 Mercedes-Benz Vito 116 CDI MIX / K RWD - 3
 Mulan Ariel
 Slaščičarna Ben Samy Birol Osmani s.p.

*Task item*: Your job is to retype all of the material exactly.

*Response box*:
 Mercedes-Benz Vito 116 CDI MIX / K RWD - 3
 Mulan Ariel
 Slaščičarna Ben Samy Birol Osmani s.p.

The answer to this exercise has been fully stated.